Ben, zorlu bir virajı almaya çalıştığımız bu dönemde enseyi karartmamak adına birkaç hususu ayrıca dikkatlerinize sunmak istedim.
Bakan Dönmez'in anlatımına göre, Türkiye'de hane halklarının yıllık ortalama doğalgaz tüketimi 1.060 metreküp dolayında. Eğer binalarımızı yalıtırsak bu tüketimi bin metreküplerden 750 metreküpe çekmek ve ödediğimiz faturayı yüzde 25 azaltmak mümkün. Kanımca, devletin sübvansiyonları bir yere kadar etkili. Ama enerji verimliliği, faturaların yükünü azaltmanın en sihirli yolu. Üstelik bu amaçla yapılacak harcamalar, 4 yıl içinde kendi kendini finanse etmiş oluyor.

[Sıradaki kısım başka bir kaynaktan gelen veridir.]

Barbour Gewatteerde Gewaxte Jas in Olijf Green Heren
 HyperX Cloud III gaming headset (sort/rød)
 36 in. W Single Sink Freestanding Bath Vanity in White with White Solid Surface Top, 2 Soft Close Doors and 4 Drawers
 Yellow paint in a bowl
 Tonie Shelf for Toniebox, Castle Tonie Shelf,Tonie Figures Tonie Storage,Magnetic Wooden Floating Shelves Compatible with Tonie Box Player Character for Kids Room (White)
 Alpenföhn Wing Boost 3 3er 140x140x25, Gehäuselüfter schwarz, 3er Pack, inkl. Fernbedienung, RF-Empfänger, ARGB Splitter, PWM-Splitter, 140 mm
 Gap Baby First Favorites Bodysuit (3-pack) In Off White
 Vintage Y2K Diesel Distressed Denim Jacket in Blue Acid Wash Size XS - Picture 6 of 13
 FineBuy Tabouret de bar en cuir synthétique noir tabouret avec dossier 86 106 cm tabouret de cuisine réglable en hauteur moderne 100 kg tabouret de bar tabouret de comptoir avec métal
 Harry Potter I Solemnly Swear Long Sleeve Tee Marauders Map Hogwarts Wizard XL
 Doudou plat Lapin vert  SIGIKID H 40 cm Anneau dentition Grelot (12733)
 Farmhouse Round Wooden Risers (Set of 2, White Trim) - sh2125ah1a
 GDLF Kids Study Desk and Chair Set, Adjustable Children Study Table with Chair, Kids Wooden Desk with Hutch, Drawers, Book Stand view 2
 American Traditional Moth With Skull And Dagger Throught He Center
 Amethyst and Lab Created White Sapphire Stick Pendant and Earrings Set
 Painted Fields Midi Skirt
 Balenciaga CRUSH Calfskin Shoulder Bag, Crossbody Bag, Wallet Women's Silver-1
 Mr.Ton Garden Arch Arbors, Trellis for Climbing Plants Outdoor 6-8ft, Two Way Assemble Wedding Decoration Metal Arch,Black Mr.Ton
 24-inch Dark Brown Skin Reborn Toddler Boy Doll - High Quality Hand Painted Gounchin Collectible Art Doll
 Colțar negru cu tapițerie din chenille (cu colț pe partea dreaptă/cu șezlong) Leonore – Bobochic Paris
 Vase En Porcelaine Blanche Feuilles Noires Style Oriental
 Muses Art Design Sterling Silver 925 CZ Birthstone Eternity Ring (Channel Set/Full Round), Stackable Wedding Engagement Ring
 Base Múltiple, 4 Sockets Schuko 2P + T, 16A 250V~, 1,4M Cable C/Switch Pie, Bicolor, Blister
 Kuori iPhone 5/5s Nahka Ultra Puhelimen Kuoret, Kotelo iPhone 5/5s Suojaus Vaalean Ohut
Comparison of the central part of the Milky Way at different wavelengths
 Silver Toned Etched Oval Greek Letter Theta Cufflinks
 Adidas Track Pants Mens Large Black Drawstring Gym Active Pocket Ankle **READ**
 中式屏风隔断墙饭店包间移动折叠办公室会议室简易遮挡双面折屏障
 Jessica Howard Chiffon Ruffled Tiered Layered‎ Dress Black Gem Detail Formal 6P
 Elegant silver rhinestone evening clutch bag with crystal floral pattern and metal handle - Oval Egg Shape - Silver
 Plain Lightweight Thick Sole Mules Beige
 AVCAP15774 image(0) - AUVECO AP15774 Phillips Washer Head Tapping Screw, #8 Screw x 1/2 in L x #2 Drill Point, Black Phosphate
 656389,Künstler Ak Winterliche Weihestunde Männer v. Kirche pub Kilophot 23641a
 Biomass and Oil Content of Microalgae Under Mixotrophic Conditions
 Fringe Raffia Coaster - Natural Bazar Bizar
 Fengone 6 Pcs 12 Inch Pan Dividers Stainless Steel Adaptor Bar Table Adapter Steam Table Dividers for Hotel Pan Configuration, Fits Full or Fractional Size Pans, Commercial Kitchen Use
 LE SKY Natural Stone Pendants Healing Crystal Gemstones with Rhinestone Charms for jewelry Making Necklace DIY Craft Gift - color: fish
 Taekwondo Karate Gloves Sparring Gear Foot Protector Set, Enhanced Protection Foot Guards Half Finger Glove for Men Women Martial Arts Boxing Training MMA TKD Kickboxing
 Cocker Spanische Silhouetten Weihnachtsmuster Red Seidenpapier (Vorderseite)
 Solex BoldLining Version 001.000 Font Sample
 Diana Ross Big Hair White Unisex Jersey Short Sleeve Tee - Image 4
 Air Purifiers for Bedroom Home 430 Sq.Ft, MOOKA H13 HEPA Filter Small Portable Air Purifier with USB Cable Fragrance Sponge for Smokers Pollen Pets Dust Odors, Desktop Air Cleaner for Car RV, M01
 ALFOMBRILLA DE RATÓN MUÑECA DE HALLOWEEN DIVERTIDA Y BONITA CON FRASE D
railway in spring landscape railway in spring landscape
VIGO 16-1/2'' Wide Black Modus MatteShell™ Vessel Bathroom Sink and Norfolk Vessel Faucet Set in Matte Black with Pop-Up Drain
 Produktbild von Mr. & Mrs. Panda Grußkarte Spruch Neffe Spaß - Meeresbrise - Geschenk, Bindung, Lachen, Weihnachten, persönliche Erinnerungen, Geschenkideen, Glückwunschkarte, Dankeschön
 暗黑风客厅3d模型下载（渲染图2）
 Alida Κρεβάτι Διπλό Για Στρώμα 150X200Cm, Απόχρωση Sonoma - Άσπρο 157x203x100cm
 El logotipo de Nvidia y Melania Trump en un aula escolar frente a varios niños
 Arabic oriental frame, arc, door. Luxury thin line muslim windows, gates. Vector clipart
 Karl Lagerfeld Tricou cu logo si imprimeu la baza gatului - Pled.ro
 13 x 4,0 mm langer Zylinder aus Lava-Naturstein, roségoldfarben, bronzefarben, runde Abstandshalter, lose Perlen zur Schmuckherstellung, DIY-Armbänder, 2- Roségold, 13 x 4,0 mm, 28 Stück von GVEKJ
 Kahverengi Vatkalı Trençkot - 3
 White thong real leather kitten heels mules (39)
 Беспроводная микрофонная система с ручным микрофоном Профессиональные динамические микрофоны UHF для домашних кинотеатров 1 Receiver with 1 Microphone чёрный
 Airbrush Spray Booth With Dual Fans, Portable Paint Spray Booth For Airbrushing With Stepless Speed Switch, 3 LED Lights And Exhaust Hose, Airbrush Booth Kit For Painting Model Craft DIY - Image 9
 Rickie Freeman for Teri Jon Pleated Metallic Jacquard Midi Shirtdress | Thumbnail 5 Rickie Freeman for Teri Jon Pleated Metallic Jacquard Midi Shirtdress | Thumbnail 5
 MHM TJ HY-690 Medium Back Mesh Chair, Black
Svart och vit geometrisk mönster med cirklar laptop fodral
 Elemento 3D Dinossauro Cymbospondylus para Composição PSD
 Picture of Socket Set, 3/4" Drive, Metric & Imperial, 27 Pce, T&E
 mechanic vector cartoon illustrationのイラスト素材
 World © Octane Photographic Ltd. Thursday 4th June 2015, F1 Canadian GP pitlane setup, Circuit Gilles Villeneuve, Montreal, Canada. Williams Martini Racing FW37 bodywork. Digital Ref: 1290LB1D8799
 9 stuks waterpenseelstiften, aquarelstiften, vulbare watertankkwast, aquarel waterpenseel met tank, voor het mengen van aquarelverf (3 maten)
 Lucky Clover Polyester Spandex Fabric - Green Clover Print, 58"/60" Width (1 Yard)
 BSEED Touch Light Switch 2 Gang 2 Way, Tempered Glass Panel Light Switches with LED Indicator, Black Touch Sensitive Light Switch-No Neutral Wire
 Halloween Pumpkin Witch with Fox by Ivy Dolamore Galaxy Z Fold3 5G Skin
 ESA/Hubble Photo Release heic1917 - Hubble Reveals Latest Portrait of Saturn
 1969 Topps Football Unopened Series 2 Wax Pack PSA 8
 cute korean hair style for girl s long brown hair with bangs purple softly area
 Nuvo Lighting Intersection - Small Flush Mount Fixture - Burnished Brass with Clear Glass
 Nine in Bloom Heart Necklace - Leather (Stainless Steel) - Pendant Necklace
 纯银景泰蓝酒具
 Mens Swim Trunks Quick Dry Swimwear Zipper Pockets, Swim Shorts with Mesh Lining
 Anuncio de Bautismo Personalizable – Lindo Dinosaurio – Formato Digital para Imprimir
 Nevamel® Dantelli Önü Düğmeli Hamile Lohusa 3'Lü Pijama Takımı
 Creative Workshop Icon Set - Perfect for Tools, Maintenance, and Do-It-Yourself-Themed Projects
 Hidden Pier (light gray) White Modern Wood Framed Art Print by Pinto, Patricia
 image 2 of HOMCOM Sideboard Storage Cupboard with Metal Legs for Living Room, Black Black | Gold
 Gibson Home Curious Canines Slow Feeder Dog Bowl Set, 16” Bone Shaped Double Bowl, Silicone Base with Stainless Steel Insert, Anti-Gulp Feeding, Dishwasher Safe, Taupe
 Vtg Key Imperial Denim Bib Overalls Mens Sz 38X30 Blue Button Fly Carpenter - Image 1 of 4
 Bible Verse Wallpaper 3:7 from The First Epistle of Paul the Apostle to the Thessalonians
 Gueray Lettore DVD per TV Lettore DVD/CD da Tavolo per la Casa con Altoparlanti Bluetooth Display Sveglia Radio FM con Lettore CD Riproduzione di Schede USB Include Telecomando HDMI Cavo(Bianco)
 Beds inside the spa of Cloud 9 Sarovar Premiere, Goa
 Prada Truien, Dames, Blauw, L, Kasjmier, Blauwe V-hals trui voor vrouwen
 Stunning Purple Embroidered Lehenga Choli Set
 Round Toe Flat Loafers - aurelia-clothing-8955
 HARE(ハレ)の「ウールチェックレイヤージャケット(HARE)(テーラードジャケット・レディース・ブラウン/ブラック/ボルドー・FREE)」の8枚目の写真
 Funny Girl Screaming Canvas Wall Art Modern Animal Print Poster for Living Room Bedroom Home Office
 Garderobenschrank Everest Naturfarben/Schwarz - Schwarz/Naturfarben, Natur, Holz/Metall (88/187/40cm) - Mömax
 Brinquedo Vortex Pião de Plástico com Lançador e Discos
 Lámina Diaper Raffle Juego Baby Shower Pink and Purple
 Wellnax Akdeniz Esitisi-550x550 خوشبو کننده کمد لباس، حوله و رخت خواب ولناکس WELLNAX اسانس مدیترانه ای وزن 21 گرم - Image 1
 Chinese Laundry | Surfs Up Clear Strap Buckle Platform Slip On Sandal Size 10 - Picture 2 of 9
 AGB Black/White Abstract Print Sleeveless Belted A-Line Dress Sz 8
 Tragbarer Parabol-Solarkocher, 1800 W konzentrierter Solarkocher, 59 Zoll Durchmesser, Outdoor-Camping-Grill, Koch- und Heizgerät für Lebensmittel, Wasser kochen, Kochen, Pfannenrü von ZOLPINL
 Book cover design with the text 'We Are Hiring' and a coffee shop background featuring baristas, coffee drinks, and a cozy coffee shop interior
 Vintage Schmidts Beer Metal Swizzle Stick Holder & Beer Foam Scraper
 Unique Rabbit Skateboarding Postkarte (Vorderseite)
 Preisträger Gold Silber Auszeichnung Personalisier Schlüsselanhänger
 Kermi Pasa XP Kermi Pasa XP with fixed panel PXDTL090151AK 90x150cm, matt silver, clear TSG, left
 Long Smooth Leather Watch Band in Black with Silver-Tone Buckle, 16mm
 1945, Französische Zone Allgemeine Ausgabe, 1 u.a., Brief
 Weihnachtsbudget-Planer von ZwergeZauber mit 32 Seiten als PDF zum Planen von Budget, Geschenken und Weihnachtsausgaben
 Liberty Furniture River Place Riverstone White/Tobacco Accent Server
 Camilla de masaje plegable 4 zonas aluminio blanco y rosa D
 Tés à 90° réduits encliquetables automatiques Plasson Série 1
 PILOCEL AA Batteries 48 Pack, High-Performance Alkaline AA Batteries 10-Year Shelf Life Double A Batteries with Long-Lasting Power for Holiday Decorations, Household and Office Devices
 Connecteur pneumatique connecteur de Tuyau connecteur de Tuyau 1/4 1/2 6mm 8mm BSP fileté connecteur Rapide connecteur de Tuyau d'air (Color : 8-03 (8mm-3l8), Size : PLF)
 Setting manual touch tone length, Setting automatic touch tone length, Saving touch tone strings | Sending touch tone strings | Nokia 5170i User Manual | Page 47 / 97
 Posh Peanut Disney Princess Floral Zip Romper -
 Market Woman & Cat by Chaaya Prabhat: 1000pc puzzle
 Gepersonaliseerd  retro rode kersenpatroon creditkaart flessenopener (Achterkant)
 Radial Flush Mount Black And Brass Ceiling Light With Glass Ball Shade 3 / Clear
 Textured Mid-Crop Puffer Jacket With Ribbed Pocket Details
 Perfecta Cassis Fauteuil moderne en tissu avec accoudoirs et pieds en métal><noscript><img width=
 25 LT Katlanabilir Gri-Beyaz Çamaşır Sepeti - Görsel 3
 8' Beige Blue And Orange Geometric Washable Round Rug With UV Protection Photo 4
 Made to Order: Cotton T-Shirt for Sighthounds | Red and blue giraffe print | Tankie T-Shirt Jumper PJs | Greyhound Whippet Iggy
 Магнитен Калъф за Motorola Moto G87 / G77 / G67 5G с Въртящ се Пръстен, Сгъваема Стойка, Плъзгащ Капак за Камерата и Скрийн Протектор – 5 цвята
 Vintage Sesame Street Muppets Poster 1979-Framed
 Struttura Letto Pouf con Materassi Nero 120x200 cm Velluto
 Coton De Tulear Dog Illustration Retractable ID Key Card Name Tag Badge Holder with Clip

Belli somut verileri, hatta gerçeklikleri paylaşmamız, elbette her ailenin, her bireyin aşmaya çalıştığı sorunlara pansuman tedavisi yapmak anlamına gelmiyor. Aksine, derdi ile dertlendiğimiz milyonlara, esasen dert ortağı olduğumuzu da hatırlatma amacı taşıyor.
Sözün özü...
AK Parti kurulduğunda da 2002'de iş başına geldiğinde de Başkan Recep Tayyip Erdoğan'ın dediği gibi... (Küresel manada) Hiçbir şeyin eskisi gibi olmayacağı bir sürece hazırlanmanın zamanı geldi de geçiyor bile. Zira, şans sadece hazırlıklı olanın yüzüne gülüyor!